- [Assigned task]
With the images left out, print all of the records below exactly.

- [Records to process]

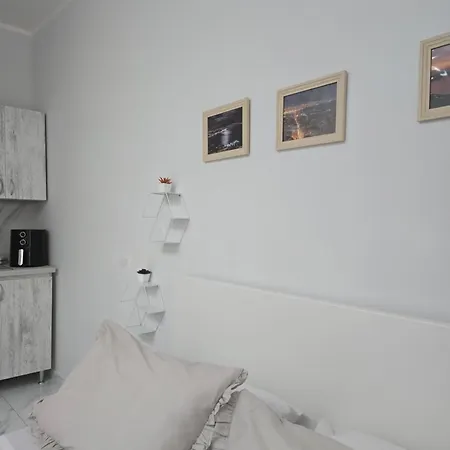 Apartamento Casavolturno *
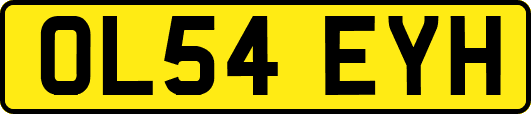 OL54EYH
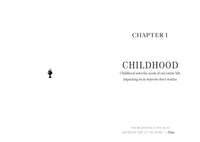 My Grandmother's Life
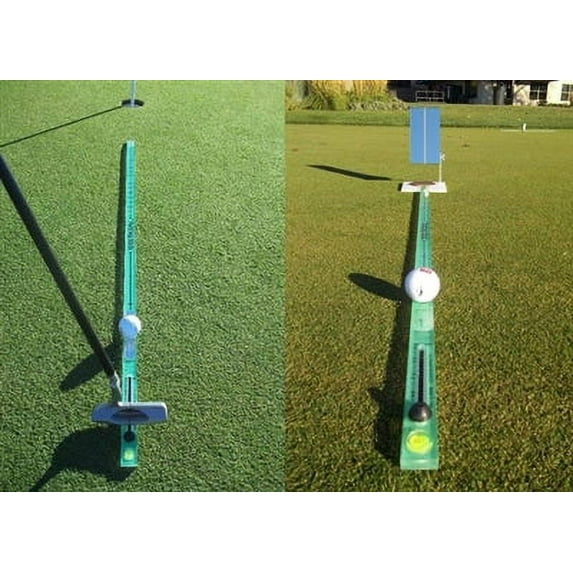 The Putting Stick Bundle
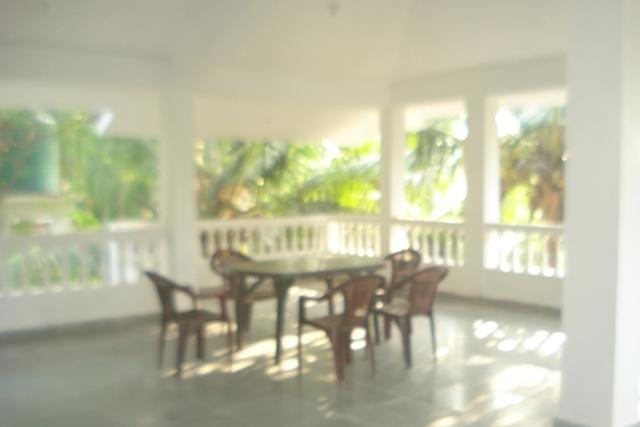 Гостевой дом Shalom Guest House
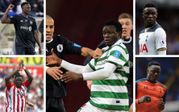 Victor Wanyama: Kenya's Most Famous Footballer and a Premier League Icon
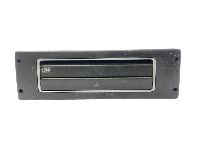 22584980 Radio VOLVO 21461984 22192832 FH12, FH16, NH12, FH, VNL780 (1993-2014) ANATEL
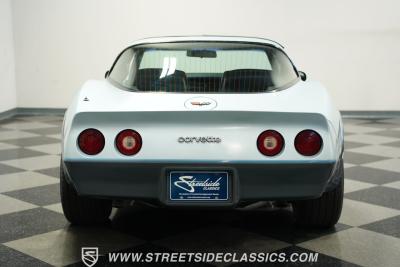 1982 Chevrolet Corvette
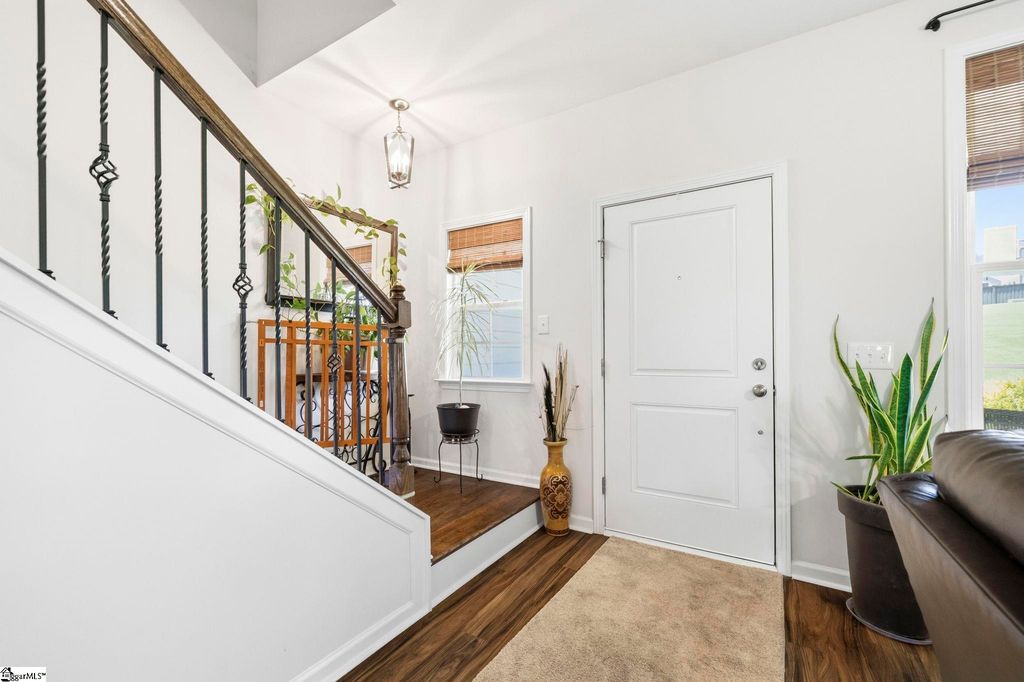303 S Harvest Moon Way, Easley, SC - View 3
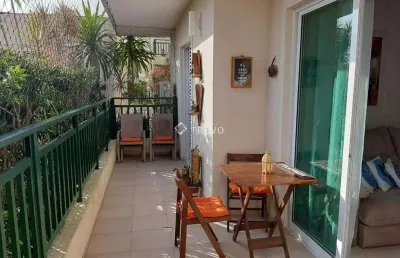 Apartamento com excelente localização à venda em bertioga/sp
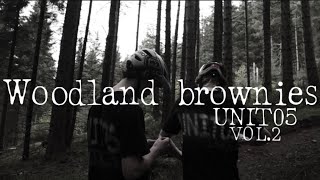 Woodland Brownies a UNIT05 film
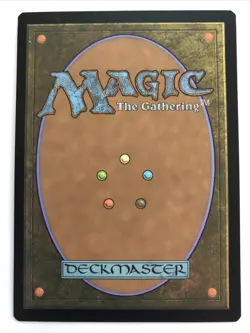 MTG Guilds of Ravnica Beacon Bolt 154/259 NM - Image 2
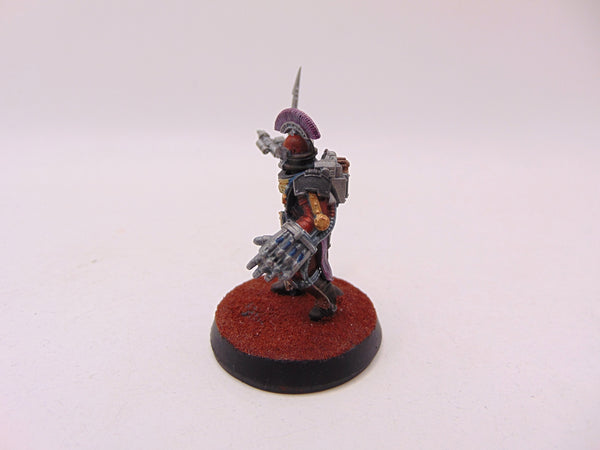 Primus Conversion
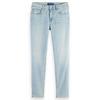 Jean The Skim   coupe tr s ajust e pour hommes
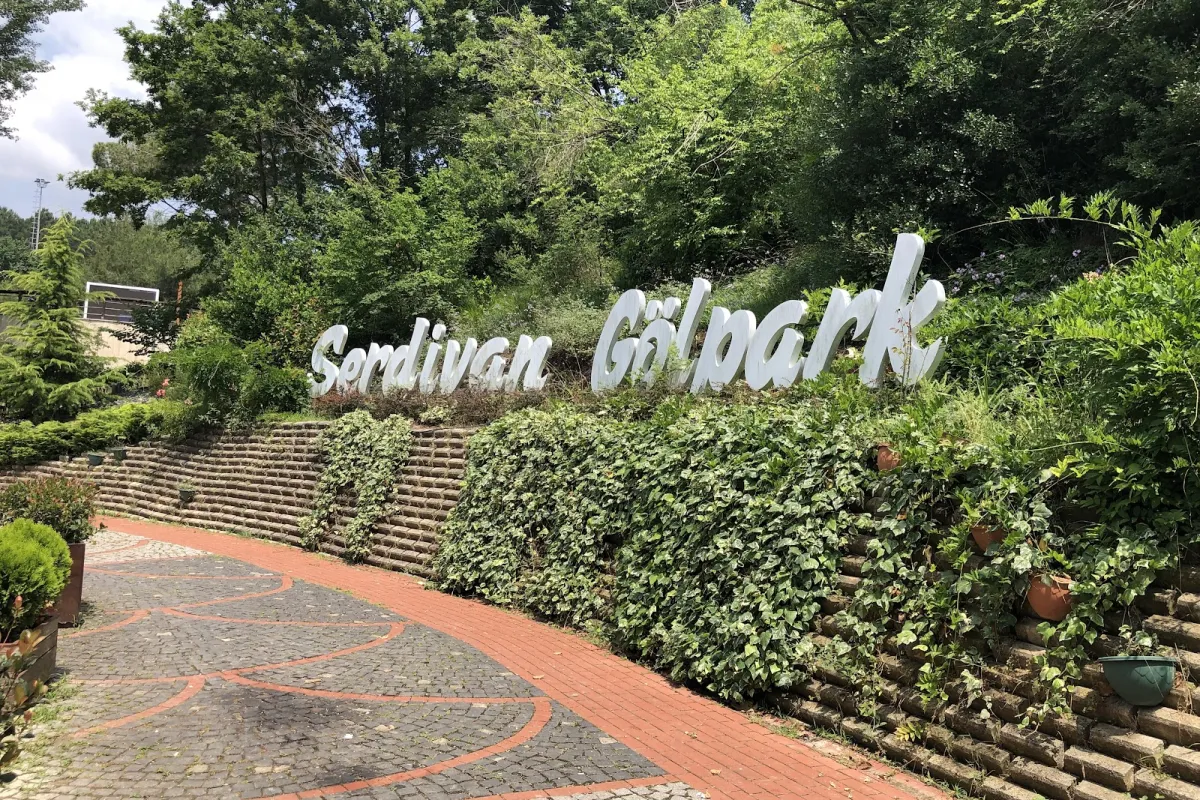 Serdivan Gölpark photo 1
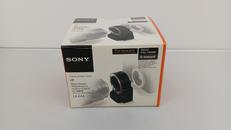 マウントアダプター|SONY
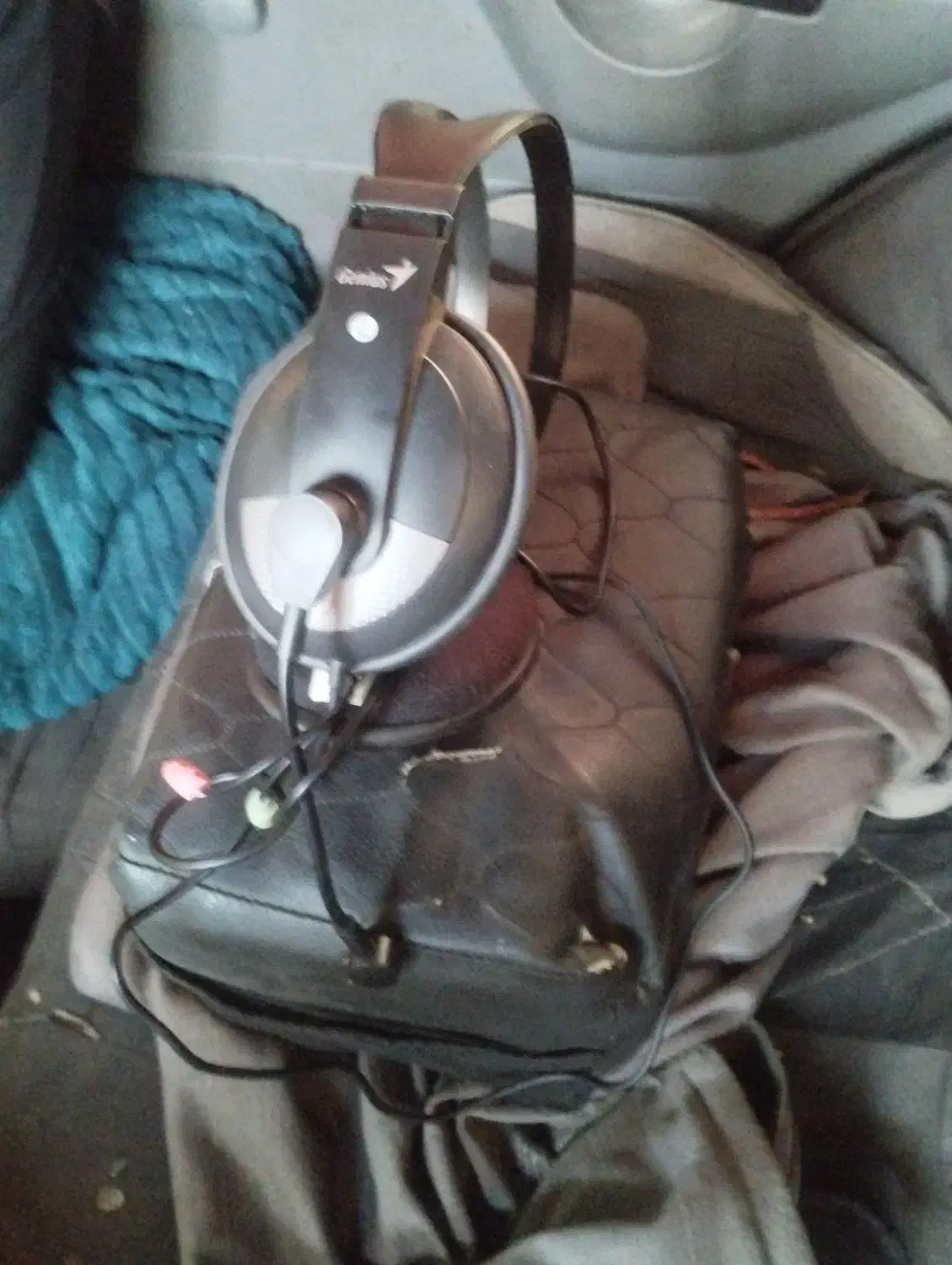 ایرپادایفن ، و هدفون مارکGenius|لوازم جانبی موبایل و تبلت|بندرعباس, |دیوار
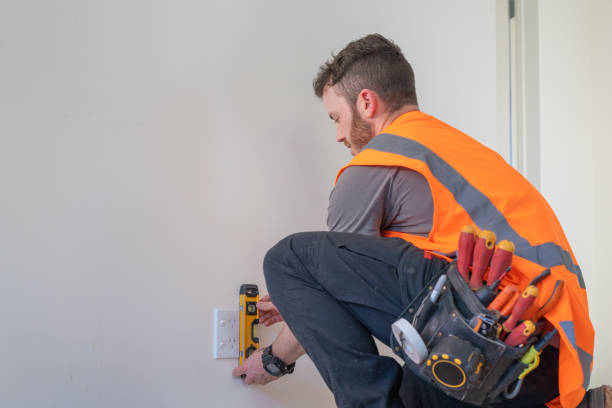 Best 24-Hour Electrician  in Gibbon, NE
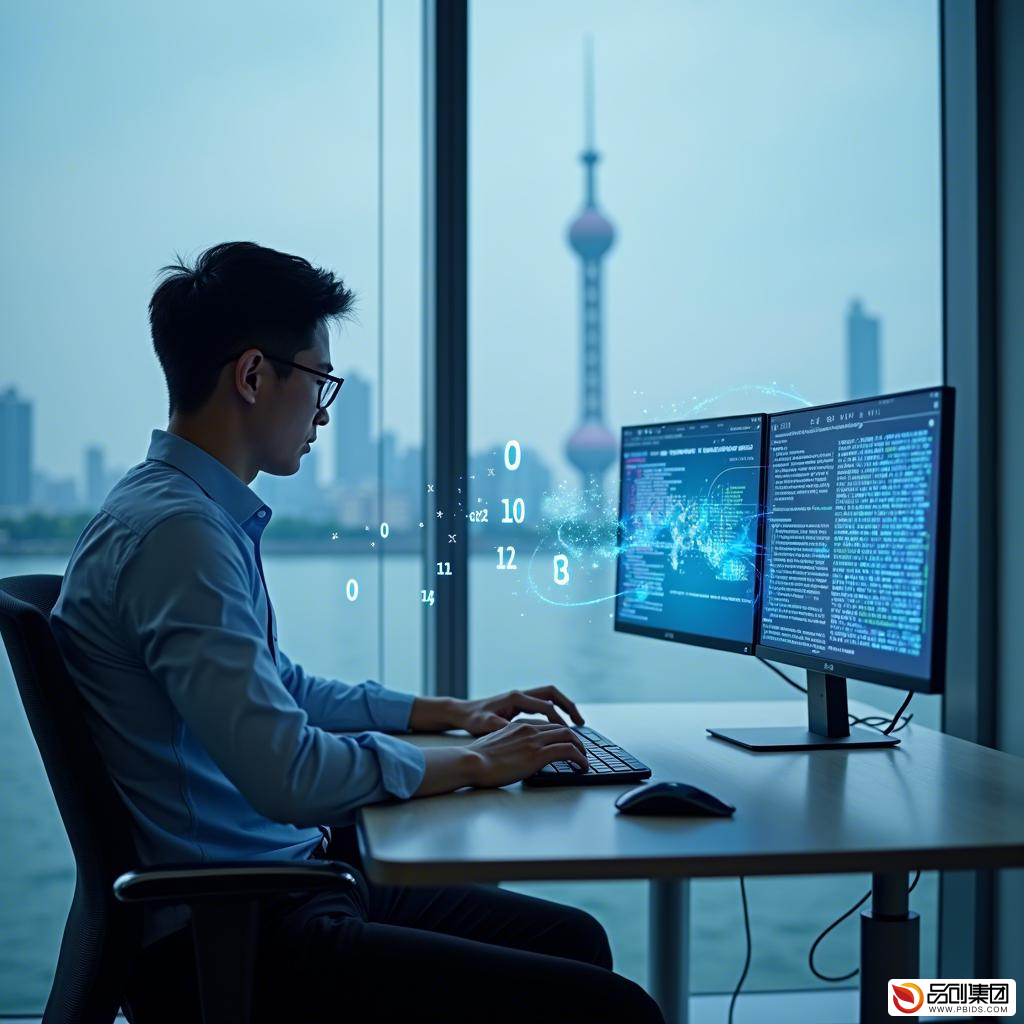 广州定制开发：打造专属企业的数字化解决方案

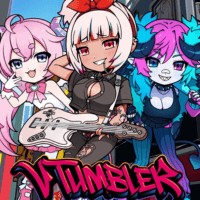 VTumbler Demo: Game Đối Kháng Giải Đố VTuber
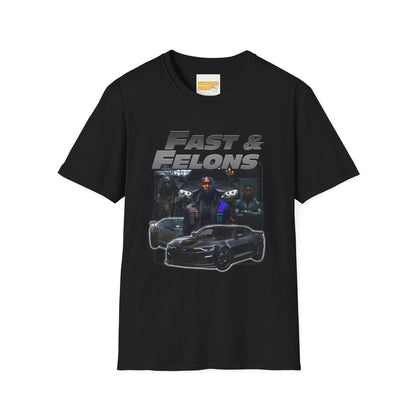 Fast & Felons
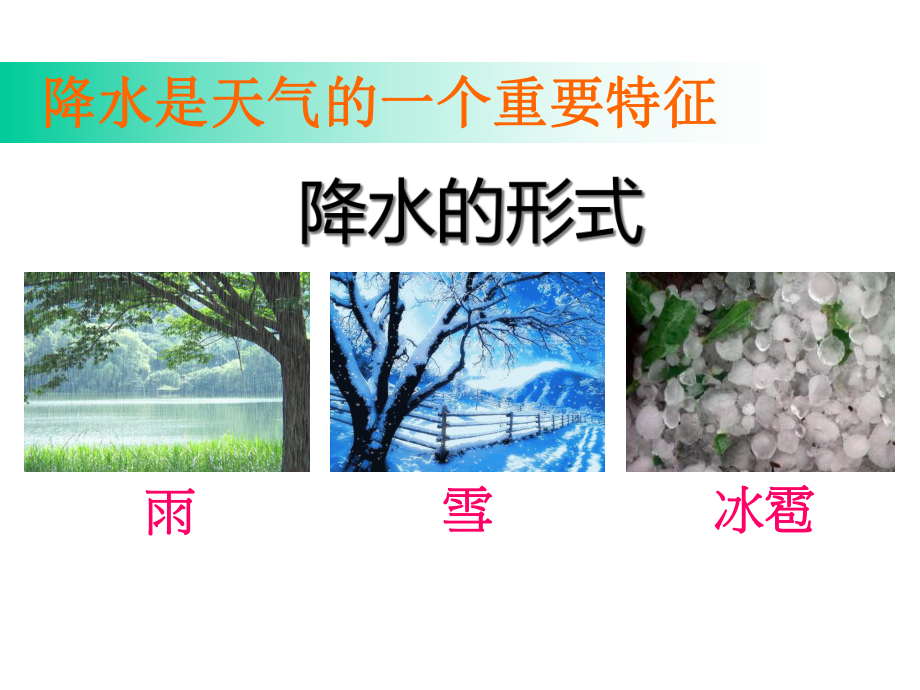 教科版四年级科学上册降水量的测量课件.ppt_第2页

- [Problem solution]
 Apartamento Casavolturno *
 OL54EYH
 My Grandmother's Life
 The Putting Stick Bundle
 Гостевой дом Shalom Guest House
 Victor Wanyama: Kenya's Most Famous Footballer and a Premier League Icon
 22584980 Radio VOLVO 21461984 22192832 FH12, FH16, NH12, FH, VNL780 (1993-2014) ANATEL
 1982 Chevrolet Corvette
303 S Harvest Moon Way, Easley, SC - View 3
 Apartamento com excelente localização à venda em bertioga/sp
 Woodland Brownies a UNIT05 film
 MTG Guilds of Ravnica Beacon Bolt 154/259 NM - Image 2
 Primus Conversion
 Jean The Skim   coupe tr s ajust e pour hommes
 Serdivan Gölpark photo 1
 マウントアダプター|SONY
 ایرپادایفن ، و هدفون مارکGenius|لوازم جانبی موبایل و تبلت|بندرعباس, |دیوار
 Best 24-Hour Electrician  in Gibbon, NE
 广州定制开发：打造专属企业的数字化解决方案

 VTumbler Demo: Game Đối Kháng Giải Đố VTuber
 Fast & Felons
 教科版四年级科学上册降水量的测量课件.ppt_第2页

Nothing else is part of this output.